| WORK TO BE COMPLETED |
Look through the data below and extract, unchanged, the lines from the one that contains "Rolling hill at" to the one that contains "Torusoonik heledam ploomililla", both included.

| DATA PROVIDED |
· · · · ·

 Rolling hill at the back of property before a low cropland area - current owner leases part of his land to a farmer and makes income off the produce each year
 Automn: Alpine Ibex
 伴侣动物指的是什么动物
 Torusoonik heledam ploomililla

· · · · ·

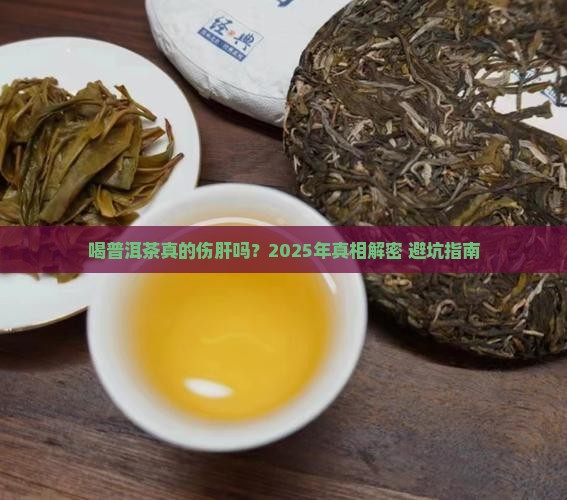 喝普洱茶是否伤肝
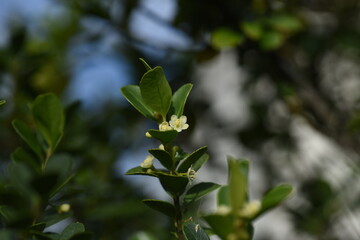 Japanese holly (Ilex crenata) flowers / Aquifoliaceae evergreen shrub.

· · · · ·

| REPLY TO THE TASK |
 Rolling hill at the back of property before a low cropland area - current owner leases part of his land to a farmer and makes income off the produce each year
 Automn: Alpine Ibex
 伴侣动物指的是什么动物
 Torusoonik heledam ploomililla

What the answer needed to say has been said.